La Confédération partage aussi ce point de vue: l’hydrogène n’a de sens que dans les domaines où la décarbonisation ne peut pas être réalisée avec d’autres sources d’énergie. C’est ce qui ressort du rapport du Conseil fédéral qui s’est penché sur les réponses au postulat du conseiller national du centre Martin Candinas, déjà mentionné plus haut. Dans ce même rapport, il apparaît clairement que la mobilité misant sur l’hydrogène a encore du mal à se développer. Sur un parc total de 54 400 camions immatriculés en 2022, 47 étaient équipés de piles à combustible. Pour 4,7 millions de voitures particulières, 200 étaient équipées d’une pile à combustible. En 2022, les camions et les voitures réunis ont consommé environ 300 tonnes d’hydrogène [4]. C’est un peu moins que la production annuelle de l’usine de production d’hydrogène d’Axpo à Domat/Ems GR. Dans son rapport, le Conseil fédéral a toutefois clairement indiqué que les stations-service dans le domaine de l’hydrogène devaient être examinées afin de renforcer le secteur de la mobilité.
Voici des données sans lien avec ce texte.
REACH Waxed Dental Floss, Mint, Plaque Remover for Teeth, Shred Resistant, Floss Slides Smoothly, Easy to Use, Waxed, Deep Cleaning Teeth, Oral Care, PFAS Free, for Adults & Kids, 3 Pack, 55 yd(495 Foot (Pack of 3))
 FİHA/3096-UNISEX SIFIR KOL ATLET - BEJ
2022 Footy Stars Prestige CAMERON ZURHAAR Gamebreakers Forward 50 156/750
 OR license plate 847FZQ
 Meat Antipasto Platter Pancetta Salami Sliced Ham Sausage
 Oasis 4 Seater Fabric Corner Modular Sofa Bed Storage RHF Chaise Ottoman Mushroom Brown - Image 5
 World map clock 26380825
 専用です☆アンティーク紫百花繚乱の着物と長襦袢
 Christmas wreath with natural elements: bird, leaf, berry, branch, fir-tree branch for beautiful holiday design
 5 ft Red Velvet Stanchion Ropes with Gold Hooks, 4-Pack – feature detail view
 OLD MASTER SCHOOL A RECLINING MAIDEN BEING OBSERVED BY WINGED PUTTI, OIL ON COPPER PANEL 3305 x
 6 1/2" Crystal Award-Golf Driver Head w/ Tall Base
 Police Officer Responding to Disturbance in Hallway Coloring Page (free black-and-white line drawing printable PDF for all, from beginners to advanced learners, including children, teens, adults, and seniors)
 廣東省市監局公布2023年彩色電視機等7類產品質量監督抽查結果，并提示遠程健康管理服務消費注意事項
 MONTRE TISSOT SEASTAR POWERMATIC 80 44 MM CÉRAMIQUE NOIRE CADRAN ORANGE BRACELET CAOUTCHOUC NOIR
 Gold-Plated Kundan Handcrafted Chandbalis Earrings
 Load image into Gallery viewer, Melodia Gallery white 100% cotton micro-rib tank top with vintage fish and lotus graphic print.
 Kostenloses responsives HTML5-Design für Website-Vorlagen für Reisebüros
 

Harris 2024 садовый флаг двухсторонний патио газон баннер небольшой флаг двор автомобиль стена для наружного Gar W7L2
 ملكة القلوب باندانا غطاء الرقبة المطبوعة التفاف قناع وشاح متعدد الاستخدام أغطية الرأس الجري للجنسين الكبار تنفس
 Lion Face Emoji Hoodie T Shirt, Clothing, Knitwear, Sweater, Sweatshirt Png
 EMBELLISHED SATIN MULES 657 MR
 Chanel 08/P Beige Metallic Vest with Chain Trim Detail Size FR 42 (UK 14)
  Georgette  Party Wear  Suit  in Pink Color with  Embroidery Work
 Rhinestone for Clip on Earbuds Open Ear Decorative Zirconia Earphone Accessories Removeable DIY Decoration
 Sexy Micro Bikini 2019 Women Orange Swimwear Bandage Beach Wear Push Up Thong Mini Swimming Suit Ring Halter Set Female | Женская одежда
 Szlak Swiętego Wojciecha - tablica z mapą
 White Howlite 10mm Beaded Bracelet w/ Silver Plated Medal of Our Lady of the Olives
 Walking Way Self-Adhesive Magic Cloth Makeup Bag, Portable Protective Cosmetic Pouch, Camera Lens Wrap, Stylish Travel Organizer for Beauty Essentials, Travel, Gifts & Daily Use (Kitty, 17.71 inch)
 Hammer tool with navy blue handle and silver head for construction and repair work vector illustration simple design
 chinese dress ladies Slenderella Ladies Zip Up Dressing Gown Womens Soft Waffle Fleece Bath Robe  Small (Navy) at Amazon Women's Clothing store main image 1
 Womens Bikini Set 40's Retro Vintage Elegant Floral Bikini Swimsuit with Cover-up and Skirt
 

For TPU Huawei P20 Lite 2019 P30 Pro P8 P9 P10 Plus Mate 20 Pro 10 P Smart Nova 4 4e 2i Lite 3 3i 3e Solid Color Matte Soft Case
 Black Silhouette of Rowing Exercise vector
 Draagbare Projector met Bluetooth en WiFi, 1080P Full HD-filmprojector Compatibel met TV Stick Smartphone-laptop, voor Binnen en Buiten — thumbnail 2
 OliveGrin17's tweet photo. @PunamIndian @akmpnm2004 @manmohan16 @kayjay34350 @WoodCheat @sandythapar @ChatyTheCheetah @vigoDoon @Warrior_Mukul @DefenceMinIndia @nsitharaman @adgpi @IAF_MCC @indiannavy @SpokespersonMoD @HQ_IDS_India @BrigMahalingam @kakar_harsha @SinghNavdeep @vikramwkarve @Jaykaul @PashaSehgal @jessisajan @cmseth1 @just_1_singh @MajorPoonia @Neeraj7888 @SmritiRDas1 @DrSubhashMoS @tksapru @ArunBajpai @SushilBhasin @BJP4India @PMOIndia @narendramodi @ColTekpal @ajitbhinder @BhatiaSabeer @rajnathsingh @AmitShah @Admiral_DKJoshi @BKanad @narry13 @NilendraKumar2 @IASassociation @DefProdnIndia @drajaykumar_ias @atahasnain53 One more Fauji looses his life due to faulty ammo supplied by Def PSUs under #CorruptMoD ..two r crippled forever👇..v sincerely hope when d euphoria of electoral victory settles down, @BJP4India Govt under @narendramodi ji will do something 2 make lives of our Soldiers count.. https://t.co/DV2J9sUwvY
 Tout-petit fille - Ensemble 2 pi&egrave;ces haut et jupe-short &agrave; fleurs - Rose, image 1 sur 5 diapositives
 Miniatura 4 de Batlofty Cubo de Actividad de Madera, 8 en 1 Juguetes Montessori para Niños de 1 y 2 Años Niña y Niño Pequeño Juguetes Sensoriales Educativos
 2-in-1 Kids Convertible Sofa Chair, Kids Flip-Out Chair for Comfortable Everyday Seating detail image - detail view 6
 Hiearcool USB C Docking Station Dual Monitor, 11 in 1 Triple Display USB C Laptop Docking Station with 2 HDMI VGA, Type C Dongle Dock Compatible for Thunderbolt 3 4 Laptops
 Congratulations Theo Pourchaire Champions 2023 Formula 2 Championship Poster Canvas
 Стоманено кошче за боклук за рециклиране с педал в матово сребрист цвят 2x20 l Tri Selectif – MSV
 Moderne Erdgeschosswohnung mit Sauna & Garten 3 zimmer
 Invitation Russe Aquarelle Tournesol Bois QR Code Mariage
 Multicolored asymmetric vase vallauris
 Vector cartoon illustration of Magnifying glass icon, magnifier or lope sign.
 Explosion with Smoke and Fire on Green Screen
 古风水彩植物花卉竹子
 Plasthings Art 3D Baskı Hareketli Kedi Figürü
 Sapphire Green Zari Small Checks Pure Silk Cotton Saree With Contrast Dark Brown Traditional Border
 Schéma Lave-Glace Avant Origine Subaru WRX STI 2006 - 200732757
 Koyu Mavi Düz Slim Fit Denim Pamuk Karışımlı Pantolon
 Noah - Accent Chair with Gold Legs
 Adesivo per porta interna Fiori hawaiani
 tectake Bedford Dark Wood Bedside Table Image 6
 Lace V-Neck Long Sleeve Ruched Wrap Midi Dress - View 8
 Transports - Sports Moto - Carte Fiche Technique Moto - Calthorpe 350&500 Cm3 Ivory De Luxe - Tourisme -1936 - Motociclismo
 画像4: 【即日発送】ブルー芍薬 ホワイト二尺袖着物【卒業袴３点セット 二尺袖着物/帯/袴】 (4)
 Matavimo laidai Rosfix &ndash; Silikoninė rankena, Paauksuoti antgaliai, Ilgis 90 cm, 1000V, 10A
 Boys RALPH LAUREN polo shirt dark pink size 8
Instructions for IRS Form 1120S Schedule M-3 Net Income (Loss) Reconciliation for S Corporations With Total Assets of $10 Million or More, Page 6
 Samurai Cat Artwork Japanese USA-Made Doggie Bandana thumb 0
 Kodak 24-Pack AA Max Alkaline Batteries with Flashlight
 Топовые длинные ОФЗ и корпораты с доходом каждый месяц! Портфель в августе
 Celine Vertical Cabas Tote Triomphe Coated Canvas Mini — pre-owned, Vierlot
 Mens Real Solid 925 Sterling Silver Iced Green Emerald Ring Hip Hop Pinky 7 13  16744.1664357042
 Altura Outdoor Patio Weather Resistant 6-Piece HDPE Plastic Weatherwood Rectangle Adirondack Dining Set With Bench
C’est le fameux paradoxe de l’œuf et de la poule: faut-il d’abord mettre en place l’infrastructure ou attendre que la demande devienne plus importante? Le fait est que les grands fournisseurs d’énergie en Suisse vont de l’avant; à l’échelle nationale et internationale. Axpo veut, en collaboration avec la compagnie maritime du lac des Quatre-Cantons (SGV), exploiter un bateau de passagers fonctionnant entièrement à l’hydrogène vert à partir de 2026. L’entreprise prévoit également plusieurs projets H2 en France et en Italie, y compris dans le domaine de la mobilité. Alpiq a même annoncé la construction de la plus grande installation de production d’H2 de Suisse sur le site de Gerlafingen; un titre actuellement encore détenu par Axpo. La compétition est lancée. Au final, c’est la clientèle du côté de la demande qui déterminera si le gaz vert du futur s’imposera à grande échelle.

Références

[1] Parlement européen et Conseil de l’Union européenne (2024). Règlement du parlement européen et du Conseil sur les marchés intérieurs du gaz renouvelable, du gaz naturel et de l’hydrogène et Directive du Parlement européen et du Conseil concernant des règles communes pour les marchés intérieurs du gaz renouvelable, du gaz naturel et de l’hydrogène.

[2] Martin Candinas (2020). Hydrogène. État des lieux et options pour la Suisse. Postulat 20.4709.

[3] Axpo (2023). Rolle und Potenzial von Wasserstoff in der Schweiz. White Paper.

[4] Conseil fédéral (15 novembre 2023). Hydrogène. État des lieux et options pour la Suisse (p. 9 et suivantes).